28 Nov A Medical Student’s Guide to Writing in Soap Notes Occupational Therapy Style
During medical rounds, a student presents a patient to the medical team – which consists of nurses, residents, and attendings. For obvious reasons, the information presented during medical rounds must be accurate, concise, and organized. Medical staff members use a format called SOAP (subjective, objective, assessment, and plan) to document patient information. This type of notation is also necessary to document the progress of a patient during therapy. So, medical students also need to learn how to write in SOAP notes occupational therapy style or physical therapy style (depending on the type of therapy the patient needs).
The Purpose of SOAP Notes
Before learning to write in SOAP format, a medical student should be able to answer the question: “What are SOAP notes?” A SOAP note is a patient-specific documentation that includes admission notes, medical records, and other vital information related to the patient. Many medical practices use templates to plug this information into charts. The purpose of this format is nothing more than an organization. If everyone documented patient information using a different format, medical rounds would become confusing. This way, everyone is always on the same page.
After understanding the purpose of SOAP notes, a medical student can learn to properly document patient therapy progress.
Step One: Interview the Patient
Interview the patient at the start of every therapy session and document the current status of the patient. This documentation is the patient’s opinion of his or her status and nothing more. Always avoid using personal judgment during this stage of the documentation.

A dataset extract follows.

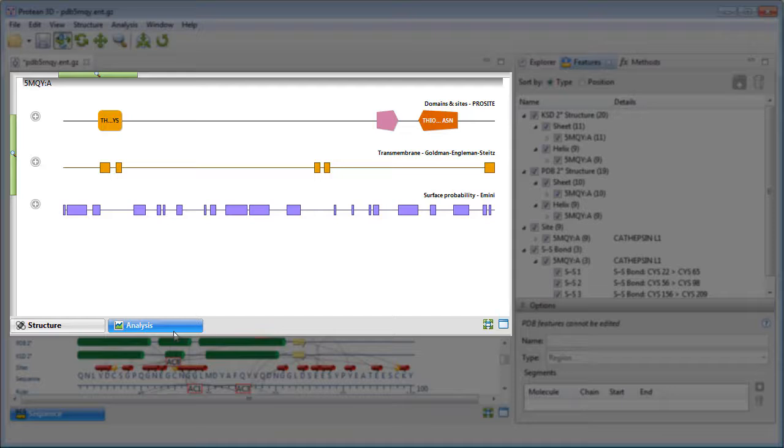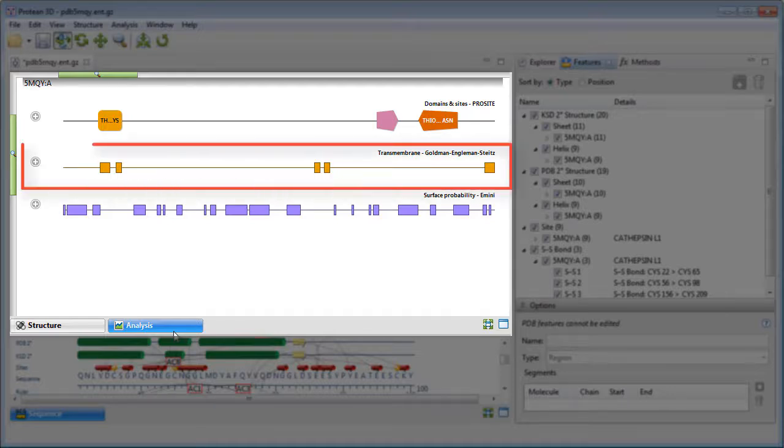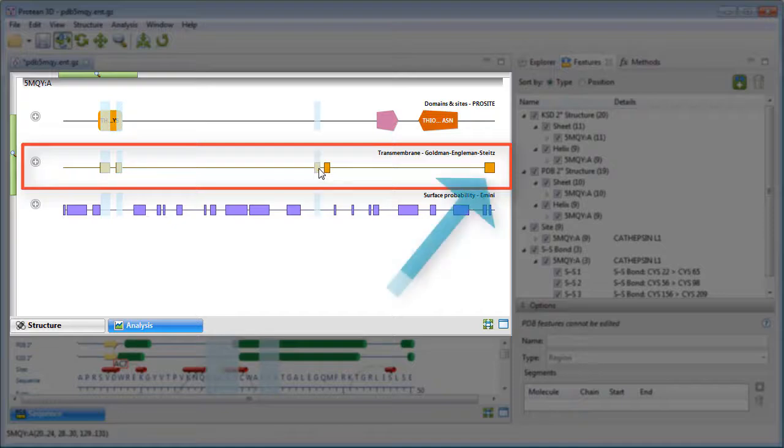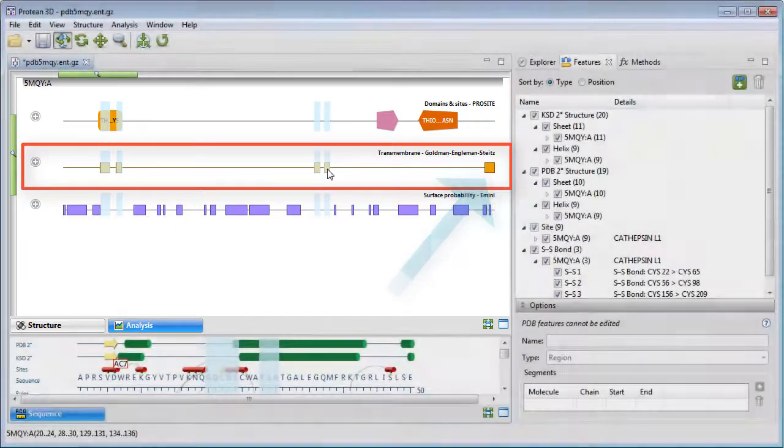I want to create a new feature based on predicted transmembrane regions, so I'll press the Control or Command key while selecting the segments. For now, I'm going to leave out the rightmost segment.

Step Two: Observe Patient’s Objective State
This is where you include your professional opinion on whether the patient shows improvement thanks to the prescribed therapy. Document whether the therapy treatment plan seems effective or if you should change the treatment plan.

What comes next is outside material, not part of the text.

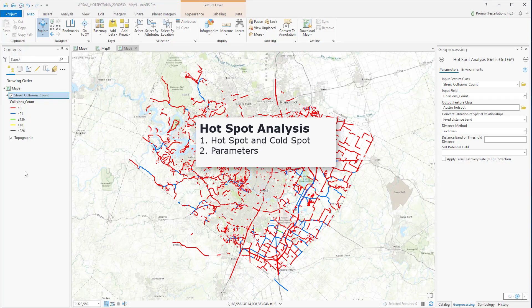Today we will be covering ArcGIS Pro Hotspot Analysis. I will discuss the Hotspot Analysis tool from the Mapping Clusters toolset in the Spatial Statistics Toolbox, and explain how this analysis works and its different parameters.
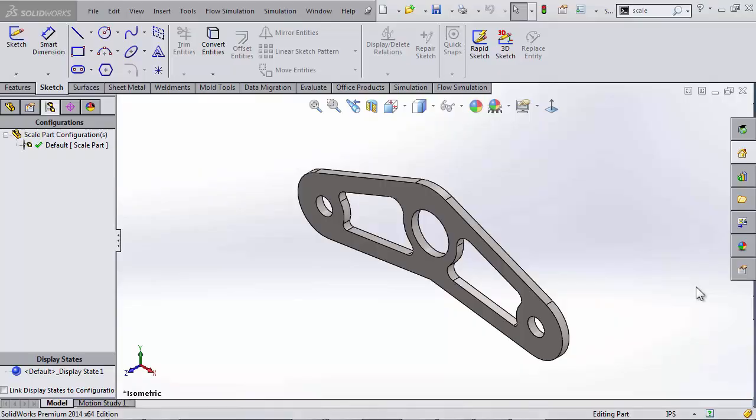Hey there everyone, this is Shivani with GoEngineer. In this video, we're going to see two different methods to scale a part.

Step Three: Treatment Plan
Document the plan for the ongoing treatment of the patient. Include changes, expectations, and milestones in the documentation. Include what to look for in terms of signs the treatment plan is not working or needs changes.
The key to writing effective therapy soap notes is in the details. Always follow the format the practical uses and never leave off any important details. In theory, it is always better for SOAP notes to have more information than necessary than for them to lack key information.
Using SOAP Notes Effectively
The process of using the SOAP note format seems involved, but it should never overwhelm you. The purpose of the note format is nothing more than an organization. It makes things easier for the medical staff and protects the patient. Given how many patients you see daily, you cannot always remember every detail about every patient. The SOAP notes are patient cheat sheets. Refer to the notes instead of trying to remember every single detail about every patient.
For medical students, understanding SOAP notes is a vital part of becoming a medical professional. Medical practices, such as clinics and hospitals, cannot function without this format to keep things organized.